Nos pronunciamentos públicos, contudo, os principais representantes da esquerda brasileira passaram, farisaicamente, a tratar a democracia como se fosse algo a ser seguido, praticado e preservado. Já não a qualificam de burguesa. Já não afirmam que ela embute a dominação de classe. Nem sequer se identificam mais como revolucionários.
Assisti, estarrecido, a tal transição. Na eleição de 1982 para o governo dos estados, o Senado, a Câmara Federal e as assembleias legislativas, ainda estávamos submetidos à Lei Falcão, que limitava a divulgação nas rádios à leitura, por parte de um locutor, de um breve currículo de cada candidato, complementada nas tevês pela exibição de uma foto 3x4 do dito cujo.
Os petistas que haviam resistido à ditadura, dignamente incluíram nesses currículos sua condição de ex-presos políticos e, às vezes, também o porquê (quais atos ditos subversivos tinham praticado). Os adversários reagiram com zombarias do tipo "os candidatos do PT não têm currículos, têm fichas criminais".
A eleição direta seguinte foi em 1986, para os mesmos cargos e já sem as limitações impostas pela Lei Falcão. O PT, no primeiro dos muitos e muitos recuos que o desfiguraram, deixou de evidenciar a participação dos seus candidatos na luta contra a ditadura militar, antes escondendo-a, ao mesmo tempo em que começou a tentar enquadrar (ou expurgar) tendências de esquerda que existiam no seu seio, como a Convergência Socialista e o PRC.

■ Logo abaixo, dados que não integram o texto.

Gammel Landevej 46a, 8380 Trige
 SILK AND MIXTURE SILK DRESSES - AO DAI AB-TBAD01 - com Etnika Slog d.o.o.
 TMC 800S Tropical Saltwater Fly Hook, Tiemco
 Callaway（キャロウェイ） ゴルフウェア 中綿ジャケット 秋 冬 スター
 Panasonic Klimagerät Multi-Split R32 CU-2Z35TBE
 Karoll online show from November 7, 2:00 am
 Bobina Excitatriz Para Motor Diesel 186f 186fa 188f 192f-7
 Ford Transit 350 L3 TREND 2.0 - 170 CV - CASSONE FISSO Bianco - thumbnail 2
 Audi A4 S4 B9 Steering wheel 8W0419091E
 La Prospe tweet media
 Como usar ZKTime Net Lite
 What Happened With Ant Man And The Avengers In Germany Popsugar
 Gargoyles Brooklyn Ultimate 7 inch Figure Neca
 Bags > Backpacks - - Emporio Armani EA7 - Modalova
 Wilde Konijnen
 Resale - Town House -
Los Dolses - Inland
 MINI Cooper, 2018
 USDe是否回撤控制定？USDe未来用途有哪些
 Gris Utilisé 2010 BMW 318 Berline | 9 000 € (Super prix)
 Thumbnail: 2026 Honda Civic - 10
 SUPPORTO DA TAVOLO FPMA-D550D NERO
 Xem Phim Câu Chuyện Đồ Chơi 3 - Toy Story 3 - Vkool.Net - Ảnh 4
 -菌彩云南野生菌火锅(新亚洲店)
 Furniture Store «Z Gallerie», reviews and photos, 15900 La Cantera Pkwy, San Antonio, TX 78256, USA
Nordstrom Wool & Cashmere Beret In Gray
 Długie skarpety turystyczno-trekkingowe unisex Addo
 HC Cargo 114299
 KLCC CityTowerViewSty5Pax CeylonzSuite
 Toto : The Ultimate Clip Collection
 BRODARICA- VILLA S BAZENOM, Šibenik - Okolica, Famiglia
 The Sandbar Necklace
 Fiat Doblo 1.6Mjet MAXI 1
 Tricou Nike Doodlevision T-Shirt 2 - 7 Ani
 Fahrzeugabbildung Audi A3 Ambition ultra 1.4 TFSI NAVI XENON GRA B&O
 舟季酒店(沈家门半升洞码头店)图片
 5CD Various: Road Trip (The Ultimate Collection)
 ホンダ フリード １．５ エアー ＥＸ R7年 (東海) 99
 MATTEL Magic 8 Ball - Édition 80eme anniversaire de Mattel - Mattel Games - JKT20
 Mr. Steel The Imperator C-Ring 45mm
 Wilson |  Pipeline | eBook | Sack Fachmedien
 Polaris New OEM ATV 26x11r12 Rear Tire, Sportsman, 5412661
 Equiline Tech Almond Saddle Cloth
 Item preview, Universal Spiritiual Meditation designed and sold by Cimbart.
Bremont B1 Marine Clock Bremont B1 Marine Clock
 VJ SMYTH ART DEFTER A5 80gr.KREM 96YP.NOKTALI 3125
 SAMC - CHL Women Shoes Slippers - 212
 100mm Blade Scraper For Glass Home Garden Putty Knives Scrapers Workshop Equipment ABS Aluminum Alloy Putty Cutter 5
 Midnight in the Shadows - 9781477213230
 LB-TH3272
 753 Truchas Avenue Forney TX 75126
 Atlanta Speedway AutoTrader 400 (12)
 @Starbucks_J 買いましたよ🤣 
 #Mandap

Quanto mais poder conquistava sob o capitalismo e sem confrontar o capitalismo, mais se definia como um partido de massas igualzinho aos outros, tendo como objetivo máximo a conquista de governos e de cadeiras no Legislativo; e não um partido revolucionário, que tem como objetivo máximo substituir a ganância, a competição zoológica e a aberrante desigualdade capitalistas pela cooperação solidária dos indivíduos para a promoção do bem comum numa sociedade regida pelo igualitarismo.
Ao contrário do simplismo demagógico de Reinaldo Azevedo (segundo quem, por não aceitar seu impedimento, Dilma Rousseff estaria moralmente obrigada a retomar a luta armada), os revolucionários não oscilamos entre dois polos excludentes.
Ao longo de três mandatos presidenciais e um terço, o PT comprovou cabalmente que as ilusões eleitorais não nos levam aonde precisamos urgentemente chegar, nestes tempos em que o capitalismo se torna cada vez mais devastador em termos econômicos e ambientais, ameaçando inclusive a sobrevivência da espécie humana.
Se no século passado (e principalmente na Europa) ainda fazia sentido a esquerda participar de governos e parlamentos, desde que não superestimasse sua relevância, hoje salta aos olhos que o poder político se tornou um mero apêndice do poder econômico, servindo apenas para esconder do povo qual a verdadeira origem dos seus infortúnios.
Então, nem sequer utilidade tática têm mais para nós. Há vida fora de palácios do governo e das sedes do Legislativo. É nos locais de trabalho, nas escolas, nas ruas, campos e construções, que a esquerda a tem de ir buscar, voltando a fazer o trabalho de formiguinha de outrora, até readquirir forças para voos maiores (e melhores!).
Neste momento de extremo desencanto com a política oficial e os políticos, chega a ser hipócrita a presença do PT e dos partidos que permanecerem fiéis a Dilma Rousseff nas eleições deste domingo. Afinal, não cansaram de esgoelar acusações de golpe, aqui e lá fora?
Mas, se a democracia burguesa brasileira for, ademais, golpista, de que lhes adiantará conquistarem cadeiras que poderão ser retiradas de forma escusa a qualquer momento? Parece que, além das bandeiras revolucionárias, essa gente deixou para trás também o raciocínio dialético, não conseguindo mais enxergar certas contradições gritantes nas suas posturas...
O voto coerente, neste domingo e provavelmente em todas as vezes daqui para a frente, será o voto nulo. Isto, claro, supondo-se que os eleitores prefiram escapar das multas, sanções e amolações autoritariamente impostas a quem deixa de comparecer aos locais de votação.